The first step in the stack scheduling process is to measure the distance
between a local variable fetch operation and the nearest preceding occurrence
of that variable on the stack. The idea is to schedule the closest "use/reuse
pairs" first, because they have a high likelihood of success. The
distance measures for our example are as shown:
Variable 76 is reused immediately after it is stored, with a distance measure of 1. Variable 76 is reused again with a single intervening instruction, giving a distance measure of 2. Variable 75 is reused with a distance measure of 2 as well.

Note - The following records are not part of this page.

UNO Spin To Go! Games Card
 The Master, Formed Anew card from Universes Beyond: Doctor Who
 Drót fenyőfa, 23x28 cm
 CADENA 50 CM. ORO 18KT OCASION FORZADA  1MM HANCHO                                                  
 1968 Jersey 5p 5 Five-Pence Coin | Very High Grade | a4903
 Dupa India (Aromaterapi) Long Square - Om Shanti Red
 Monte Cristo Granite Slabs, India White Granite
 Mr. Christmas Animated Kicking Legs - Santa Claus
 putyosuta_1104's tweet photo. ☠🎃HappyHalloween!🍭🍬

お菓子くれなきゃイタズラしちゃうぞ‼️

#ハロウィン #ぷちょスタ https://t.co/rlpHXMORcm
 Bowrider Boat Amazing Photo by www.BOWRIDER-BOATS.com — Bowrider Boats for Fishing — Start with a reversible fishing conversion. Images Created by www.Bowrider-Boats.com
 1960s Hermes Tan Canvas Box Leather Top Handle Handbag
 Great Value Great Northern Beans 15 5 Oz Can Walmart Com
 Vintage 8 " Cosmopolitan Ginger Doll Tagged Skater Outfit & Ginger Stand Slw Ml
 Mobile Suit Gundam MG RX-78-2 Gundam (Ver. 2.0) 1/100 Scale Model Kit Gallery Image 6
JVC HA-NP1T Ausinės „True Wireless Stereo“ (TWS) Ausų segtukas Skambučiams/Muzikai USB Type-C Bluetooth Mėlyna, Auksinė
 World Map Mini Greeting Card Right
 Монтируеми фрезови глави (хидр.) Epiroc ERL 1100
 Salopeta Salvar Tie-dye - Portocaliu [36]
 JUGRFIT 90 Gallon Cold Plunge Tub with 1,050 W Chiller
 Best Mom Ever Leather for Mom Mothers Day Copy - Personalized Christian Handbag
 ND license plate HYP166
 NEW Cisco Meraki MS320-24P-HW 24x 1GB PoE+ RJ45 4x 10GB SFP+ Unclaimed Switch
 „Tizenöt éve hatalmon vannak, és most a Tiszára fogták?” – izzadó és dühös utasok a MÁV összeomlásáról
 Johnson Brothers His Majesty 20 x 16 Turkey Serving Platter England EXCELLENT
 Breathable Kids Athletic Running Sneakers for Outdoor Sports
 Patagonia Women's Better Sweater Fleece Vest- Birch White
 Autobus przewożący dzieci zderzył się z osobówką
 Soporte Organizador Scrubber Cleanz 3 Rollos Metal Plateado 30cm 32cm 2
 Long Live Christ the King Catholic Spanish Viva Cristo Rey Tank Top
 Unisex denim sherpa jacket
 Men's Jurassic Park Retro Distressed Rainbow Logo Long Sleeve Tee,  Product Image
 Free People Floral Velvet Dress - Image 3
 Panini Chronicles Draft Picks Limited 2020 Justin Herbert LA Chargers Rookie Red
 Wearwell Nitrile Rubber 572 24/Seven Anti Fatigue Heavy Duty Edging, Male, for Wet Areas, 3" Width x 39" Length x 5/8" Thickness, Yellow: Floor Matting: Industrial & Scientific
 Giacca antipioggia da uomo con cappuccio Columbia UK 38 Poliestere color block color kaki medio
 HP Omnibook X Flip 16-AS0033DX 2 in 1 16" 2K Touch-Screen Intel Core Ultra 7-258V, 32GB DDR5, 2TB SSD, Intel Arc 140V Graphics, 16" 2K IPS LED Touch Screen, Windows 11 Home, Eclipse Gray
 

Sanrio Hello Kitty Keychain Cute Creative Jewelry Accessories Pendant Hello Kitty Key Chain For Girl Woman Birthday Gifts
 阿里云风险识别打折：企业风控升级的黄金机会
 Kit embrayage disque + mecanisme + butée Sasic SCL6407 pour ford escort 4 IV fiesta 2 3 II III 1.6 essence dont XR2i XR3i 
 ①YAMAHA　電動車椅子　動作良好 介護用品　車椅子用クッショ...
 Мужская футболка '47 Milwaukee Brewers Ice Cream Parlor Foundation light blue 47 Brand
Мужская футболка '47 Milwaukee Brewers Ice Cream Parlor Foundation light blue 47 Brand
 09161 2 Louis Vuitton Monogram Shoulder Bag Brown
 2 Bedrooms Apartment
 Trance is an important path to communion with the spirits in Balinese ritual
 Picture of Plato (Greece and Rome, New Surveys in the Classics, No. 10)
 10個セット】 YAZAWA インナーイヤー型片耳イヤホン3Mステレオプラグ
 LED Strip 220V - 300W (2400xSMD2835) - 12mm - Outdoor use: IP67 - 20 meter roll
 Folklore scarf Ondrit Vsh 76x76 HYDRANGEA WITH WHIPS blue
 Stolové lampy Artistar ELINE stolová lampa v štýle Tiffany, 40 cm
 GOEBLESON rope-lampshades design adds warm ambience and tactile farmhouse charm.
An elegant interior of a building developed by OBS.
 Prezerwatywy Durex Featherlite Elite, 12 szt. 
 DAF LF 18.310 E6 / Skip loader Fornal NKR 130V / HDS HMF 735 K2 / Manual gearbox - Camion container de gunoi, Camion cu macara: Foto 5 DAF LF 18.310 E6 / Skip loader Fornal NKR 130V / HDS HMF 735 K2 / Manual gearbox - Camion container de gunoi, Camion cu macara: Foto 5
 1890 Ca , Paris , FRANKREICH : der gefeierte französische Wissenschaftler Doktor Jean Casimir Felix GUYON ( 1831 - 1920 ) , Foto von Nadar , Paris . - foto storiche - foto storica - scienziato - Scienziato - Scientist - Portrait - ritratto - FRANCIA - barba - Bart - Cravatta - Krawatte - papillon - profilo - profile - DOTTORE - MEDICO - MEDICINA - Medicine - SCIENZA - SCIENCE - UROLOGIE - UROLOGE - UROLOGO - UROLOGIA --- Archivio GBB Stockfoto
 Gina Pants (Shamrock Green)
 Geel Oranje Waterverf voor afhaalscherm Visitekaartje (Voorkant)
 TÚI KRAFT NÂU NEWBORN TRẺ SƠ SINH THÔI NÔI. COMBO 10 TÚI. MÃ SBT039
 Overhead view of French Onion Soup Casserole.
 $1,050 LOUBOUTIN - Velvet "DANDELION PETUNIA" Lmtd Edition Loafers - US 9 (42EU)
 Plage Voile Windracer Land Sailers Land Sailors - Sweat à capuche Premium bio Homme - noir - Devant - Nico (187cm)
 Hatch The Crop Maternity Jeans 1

After distances are measured, candidates for stack scheduling (use/reuse pairs) are ranked in order of ascending distance. Thus, the algorithm considers nearest pairs before more distant pairs. I chose this ranking method so that nested uses of values on the stack would be scheduled optimally (from the inner usages out).
For each pair of use/reuse stack operations, the following procedure is applied. The register of interest must be able to be copied to the bottom of the stack using: DUP, TUCK, UNDER, or TUCK_2 (see Appendix), otherwise the scheduler moves on to the next use/reuse pair. Also, the stack depth at the reuse instruction must also be 2 or less (so that the register of interest can be brought from its new position on the bottom of the stack to the top with a SWAP or ROT if necessary). If both of these conditions hold, a DUP, TUCK, UNDER, or TUCK_2 instruction is inserted before the "use" instruction to copy the value to the bottom of the stack, and the LOCAL@ instruction at the "reuse" point is replaced with a NOP, SWAP, or ROT as appropriate.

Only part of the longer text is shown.